***** Data supplied

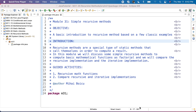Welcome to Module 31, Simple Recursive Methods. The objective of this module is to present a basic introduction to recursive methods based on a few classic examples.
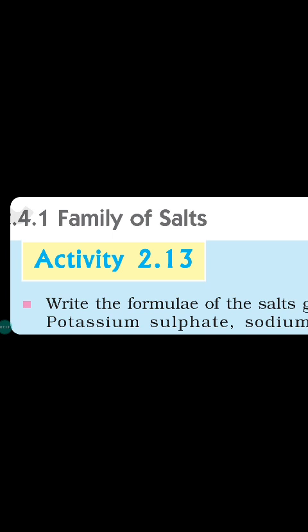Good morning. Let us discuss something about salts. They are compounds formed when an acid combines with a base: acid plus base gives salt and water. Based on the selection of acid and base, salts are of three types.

**********
***** Data supplied

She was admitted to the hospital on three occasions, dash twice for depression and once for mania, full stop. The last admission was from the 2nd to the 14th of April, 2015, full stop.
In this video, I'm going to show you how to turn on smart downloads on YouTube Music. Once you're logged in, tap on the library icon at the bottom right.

**********

[Exercise]: From the listing above, please give again the lines that begin with the line holding "Welcome to Module" and go on through the line holding "Good morning. Let", exactly, both ends included, minus any picture.

[Output]:
Welcome to Module 31, Simple Recursive Methods. The objective of this module is to present a basic introduction to recursive methods based on a few classic examples.
Good morning. Let us discuss something about salts. They are compounds formed when an acid combines with a base: acid plus base gives salt and water. Based on the selection of acid and base, salts are of three types.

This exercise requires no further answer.